Tribecans appeal city’s Decision on diesel fuel

By Ronda Kaysen

Tribeca residents fuming about the city’s call to legalize diesel fuel stored in a nearby building have taken their grievances to another city agency in hopes the decision will be overturned.

The 60 Hudson St. building, between Worth and Thomas Sts., stores generators and cooling equipment for its telecommunications tenants along with upwards of 80,000 gallons of diesel fuel, which critics maintain make the building a potential terrorist target in this densely populated residential neighborhood.

A few blocks south of the Art Deco structure, 7 World Trade Center stored half as much diesel fuel when it caught fire on Sept. 11, 2001. Fed with diesel, an uncontrollable blaze brought the building down.

In June, the city’s Department of Buildings granted 60 Hudson St.’s owners, GVA Williams, a variance for the 6,400 gallons currently stored illegally above ground. The bulk of the fuel is stored in a subterranean level and not subject to the city’s building code.

Last week, a coalition of residents called Neighbors against N.O.I.S.E. filed an appeal with the city’s Board of Standards and Appeals. The board has the jurisdiction to overrule a Buildings Dept. decision.
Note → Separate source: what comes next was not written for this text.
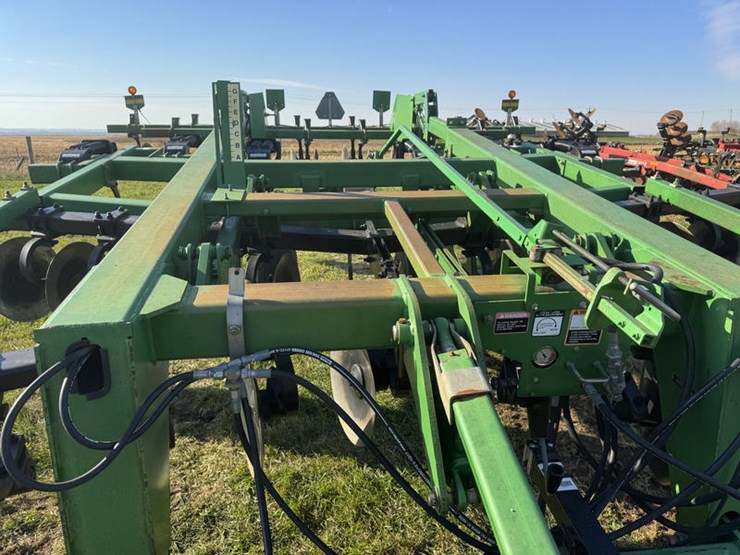 john-deere-2700-image-31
“This was a precipitous action by the Dept. of Buildings that really did not consider the entirety of what’s in the building,” said Tim Lannan, president of N.O.I.S.E. “So long as they continue to focus on the six floors they miss the opportunity to consider changes that would make the entire building safer.” The June 29 variance addressed fuel stored on six of the buildings 25 stories.

Residents are appealing the variance on the grounds that a building of this type has no place in a residential neighborhood, the variance was granted on a landmark building without consulting the Landmarks Preservation Commission, the decision poses a danger to the neighborhood and the hardship that instigated the variance was “self created” by the owners, Norman Siegel, an attorney for the residents, said. A hearing date for the appeal will be set once B.S.A. reviews the appeal.

“We stand by our decision to grant the variance,” said Jennifer Givner, a spokesperson for the Buildings Dept. “We’ll use the opportunity of a [B.S.A.] hearing to explain our rationale behind our determination.”

Representatives for GVA Williams did not return calls for comment.